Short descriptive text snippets
* * * * * * *

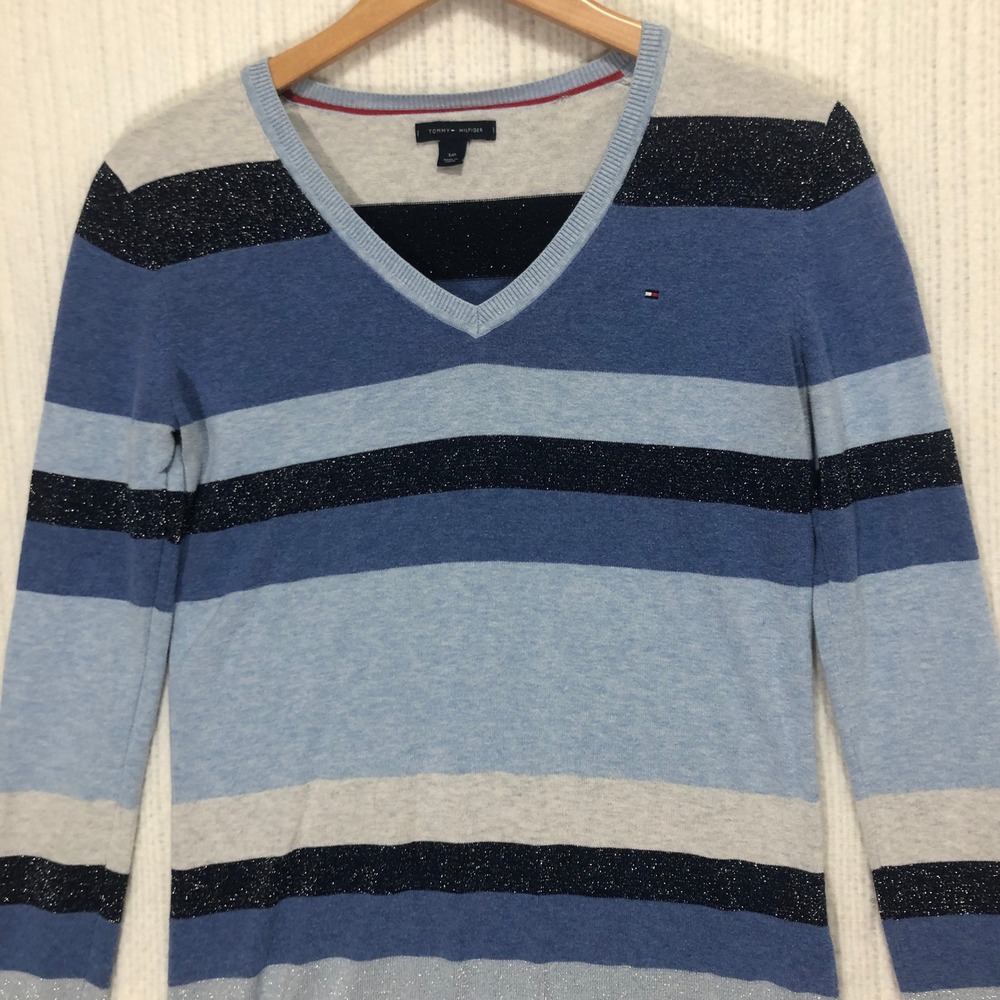 Tommy Hilfiger Striped V-Neck Sweater Sparkle Accents Long Sleeve Size S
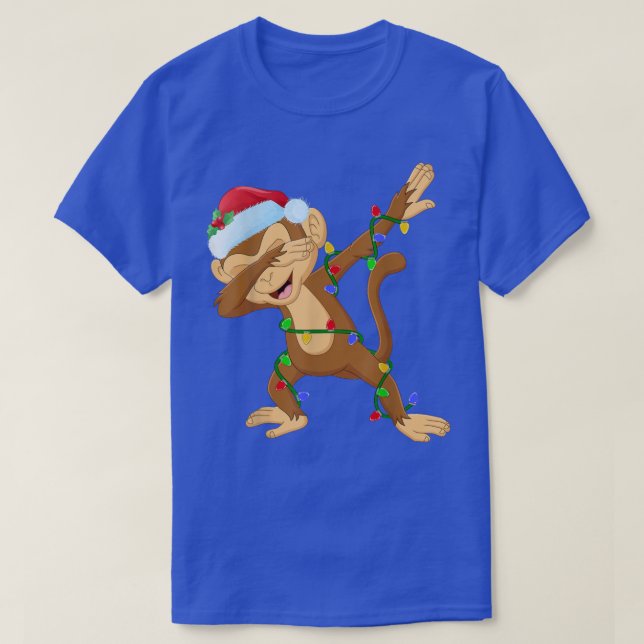 Dabbing Monkey Xmas Lights Funny Santa Monkey Chri T-Shirt (Design Front)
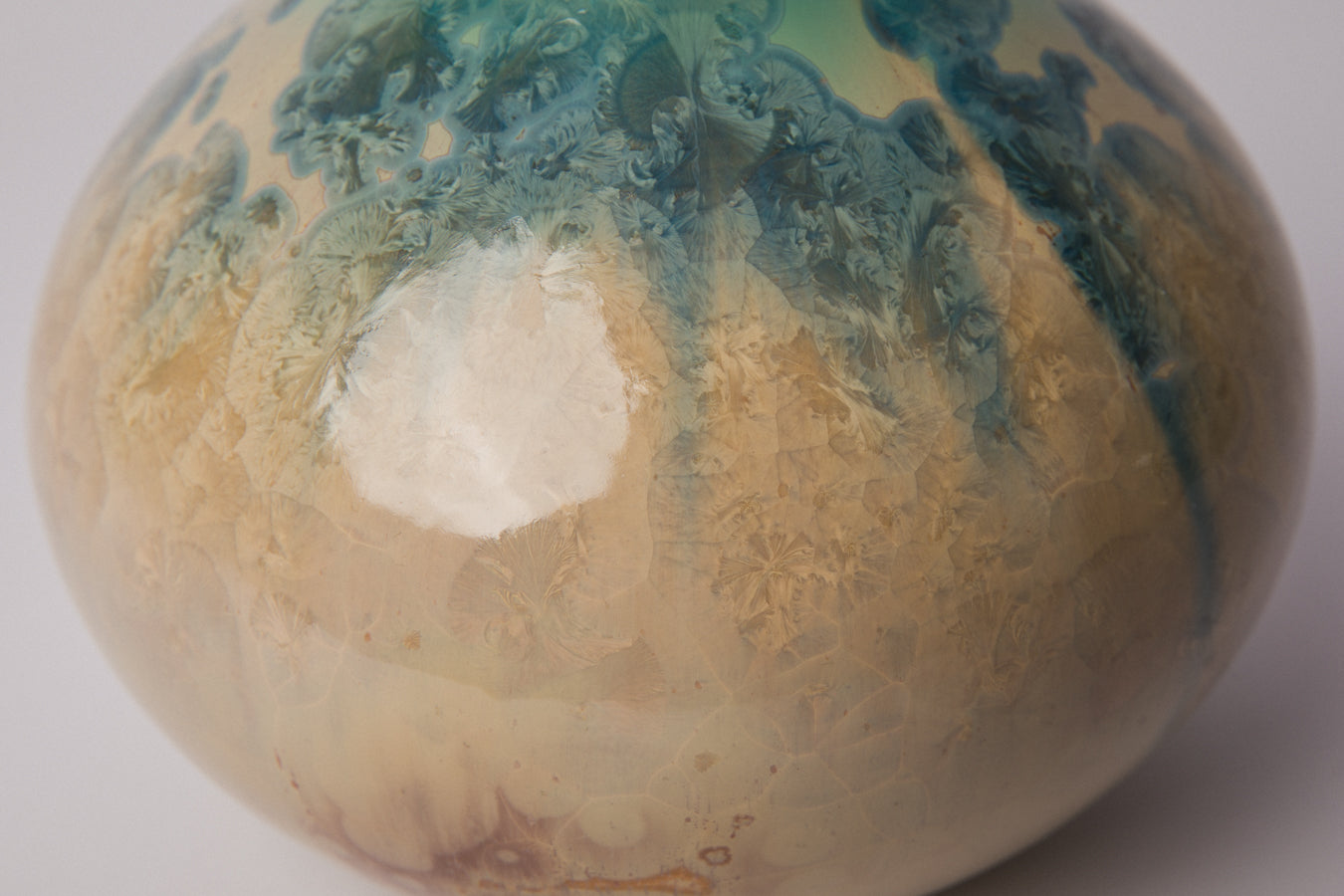 Porcelain VASE with teal crystalline-glaze _ 1380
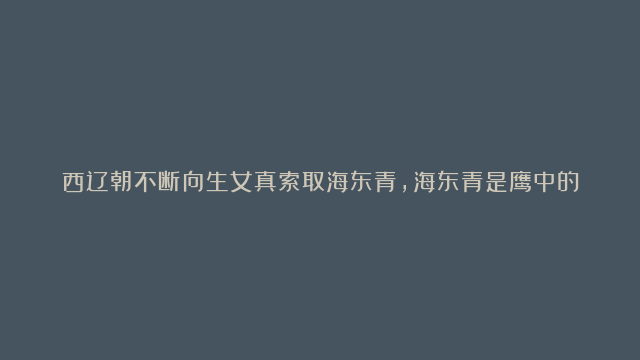 西辽朝不断向生女真索取海东青，海东青是鹰中的极品，鹰中极品海东青，还能去追那个，海东青主要抓的东西就是天鹅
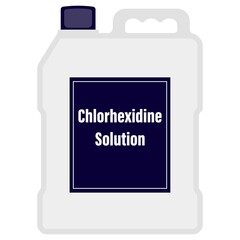 Chlorhexidine solution in a big plastic bottle cartoon vector illustration isolated on a white background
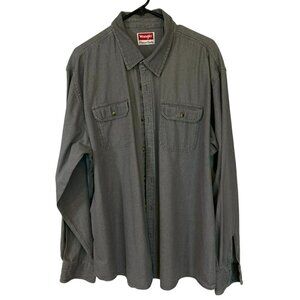 Wrangler Men's Premium Quality Long Sleeve Cotton Work Shirt Size XXL Gray Heavy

* * * * * * *

Exercise brief
Leave out the pictures, and write out all the remaining data above exactly.

Expected output
 Tommy Hilfiger Striped V-Neck Sweater Sparkle Accents Long Sleeve Size S
 Dabbing Monkey Xmas Lights Funny Santa Monkey Chri T-Shirt (Design Front)
 Porcelain VASE with teal crystalline-glaze _ 1380
 西辽朝不断向生女真索取海东青，海东青是鹰中的极品，鹰中极品海东青，还能去追那个，海东青主要抓的东西就是天鹅
 Chlorhexidine solution in a big plastic bottle cartoon vector illustration isolated on a white background
 Wrangler Men's Premium Quality Long Sleeve Cotton Work Shirt Size XXL Gray Heavy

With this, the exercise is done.